© JUNGE FREIHEIT Verlag GmbH & Co.  www.jungefreiheit.de    04/02 18. Januar 2002

 
Der Siegermächte kleinster gemeinsamer Nenner
Die alliierte Militärmission als Synonym deutscher Unsouveränität
Helena Schäfer

Die während des Kalten Krieges in Deutschland eingerichtete alliierten Militärmission operierte weitestgehend unter Ausschluß der Öffentlichkeit, was es schwer macht, ihre Geschichte vollständig und objektiv darzustellen. Dennoch ist es der Rechtshistorikerin Dorothee Mußgnug gelungen, ein aufschlußreiches Werk über das Wirken der Militärmission und ihre Bedeutung im Ost-West-Konflikt vorzulegen. Ihre Arbeit speist sich hauptsächlich aus amerikanischen Archiven und MfS-Akten.

Das Londoner Abkommen der Siegermächte des Zweiten Weltkriegs vom 14. November 1944 sah die Installation von militärischen Kontrolleinrichtungen in Deutschland vor.
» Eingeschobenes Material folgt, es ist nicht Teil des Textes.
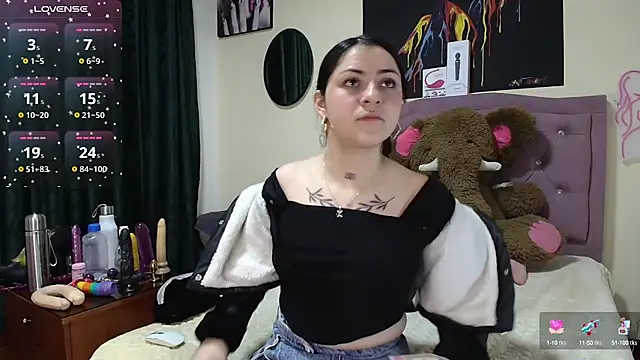 Snapshot of Emmie_Hot chatting on 09/27/25, 12:10 Emmie Hot online show from 09/27/25, 12:10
Nach langen, separat geführten Verhandlungen schlossen die Besatzungsmächte 1946/47 je zweiseitige Abkommen über die Einrichtung von Militärmissionen, um sich gegenseitig zu beobachten und zu kontrollieren. Die Missionen der Amerikaner, Briten und Franzosen wurden in Potsdam angesiedelt, die drei sowjetischen in der jeweiligen Besatzungszone.
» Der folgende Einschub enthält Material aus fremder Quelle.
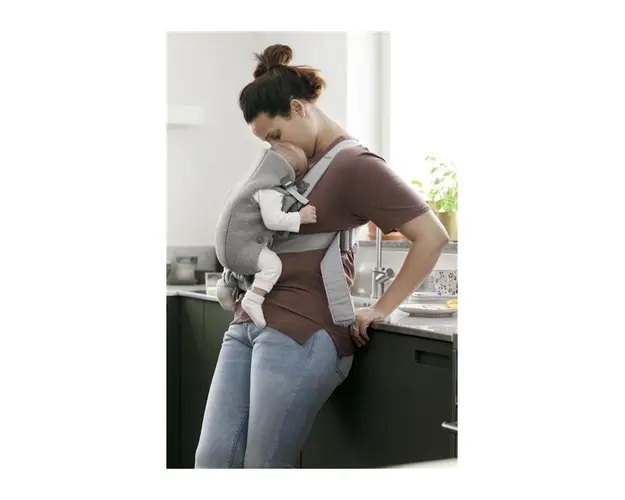 BabyBjorn - Marsupiu anatomic Mini, cu pozitii multiple de purtare  Light Grey, 3D Jersey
Diese Militärmissionen waren nicht als Vertreter ihrer Regierungen zu betrachten, sondern sollten lediglich der Verbindung zwischen den Oberkommandierenden der in Deutschland stationierten Streitkräfte und deren Stäbe dienen. Sie setzten sich ausschließlich aus Militärs aller drei Waffengattungen zusammen und hatten unter anderem die Aufgabe, die Militärregierungen zu unterstützen und in den Besatzungszonen die Interessen ihrer Staatsbürger zu wahren. Außerdem sollten sie zur Verbesserung der Beziehungen unter den Militärs beitragen, um die mit Interzonenhandel und Grenzverlauf verbundenen Probleme zu klären.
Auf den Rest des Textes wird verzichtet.